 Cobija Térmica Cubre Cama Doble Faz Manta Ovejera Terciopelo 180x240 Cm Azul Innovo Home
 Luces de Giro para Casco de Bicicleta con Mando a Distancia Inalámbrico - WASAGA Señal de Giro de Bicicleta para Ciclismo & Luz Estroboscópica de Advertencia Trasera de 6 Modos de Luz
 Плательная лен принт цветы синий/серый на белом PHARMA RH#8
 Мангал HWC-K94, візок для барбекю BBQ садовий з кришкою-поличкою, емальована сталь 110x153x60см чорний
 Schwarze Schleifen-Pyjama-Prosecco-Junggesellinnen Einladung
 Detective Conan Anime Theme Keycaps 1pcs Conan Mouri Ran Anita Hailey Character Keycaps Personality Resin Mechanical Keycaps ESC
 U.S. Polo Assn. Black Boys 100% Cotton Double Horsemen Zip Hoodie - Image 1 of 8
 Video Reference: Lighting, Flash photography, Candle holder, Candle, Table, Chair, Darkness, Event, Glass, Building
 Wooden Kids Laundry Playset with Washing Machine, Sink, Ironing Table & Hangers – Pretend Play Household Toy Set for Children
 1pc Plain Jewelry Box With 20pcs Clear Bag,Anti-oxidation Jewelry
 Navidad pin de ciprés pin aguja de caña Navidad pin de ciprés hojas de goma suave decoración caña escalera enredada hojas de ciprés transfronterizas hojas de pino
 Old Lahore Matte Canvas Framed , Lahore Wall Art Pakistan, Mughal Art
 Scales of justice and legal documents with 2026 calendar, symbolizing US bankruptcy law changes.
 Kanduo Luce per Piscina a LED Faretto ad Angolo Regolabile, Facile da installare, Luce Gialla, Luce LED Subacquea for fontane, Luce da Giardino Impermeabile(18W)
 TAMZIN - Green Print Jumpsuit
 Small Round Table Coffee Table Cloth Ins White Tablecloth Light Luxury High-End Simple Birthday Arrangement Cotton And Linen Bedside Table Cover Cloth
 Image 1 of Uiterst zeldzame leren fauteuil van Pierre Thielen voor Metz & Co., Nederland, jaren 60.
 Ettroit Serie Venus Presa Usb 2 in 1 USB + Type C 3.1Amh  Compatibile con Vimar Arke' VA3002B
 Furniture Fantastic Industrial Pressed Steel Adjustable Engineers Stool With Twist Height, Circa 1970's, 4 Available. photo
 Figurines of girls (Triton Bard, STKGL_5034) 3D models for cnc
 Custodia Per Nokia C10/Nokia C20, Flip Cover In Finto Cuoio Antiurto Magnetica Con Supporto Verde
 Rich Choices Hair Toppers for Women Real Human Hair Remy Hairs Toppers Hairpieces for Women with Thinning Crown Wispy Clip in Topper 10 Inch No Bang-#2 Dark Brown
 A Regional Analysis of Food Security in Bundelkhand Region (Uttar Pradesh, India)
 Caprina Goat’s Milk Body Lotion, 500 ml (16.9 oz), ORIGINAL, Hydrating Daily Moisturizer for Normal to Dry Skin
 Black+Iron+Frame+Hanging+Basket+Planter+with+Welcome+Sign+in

REQUIRED ACTION:
From the entries above, copy each line that holds "Cotton".

ANSWER TO THIS PROBLEM:
 U.S. Polo Assn. Black Boys 100% Cotton Double Horsemen Zip Hoodie - Image 1 of 8
 Small Round Table Coffee Table Cloth Ins White Tablecloth Light Luxury High-End Simple Birthday Arrangement Cotton And Linen Bedside Table Cover Cloth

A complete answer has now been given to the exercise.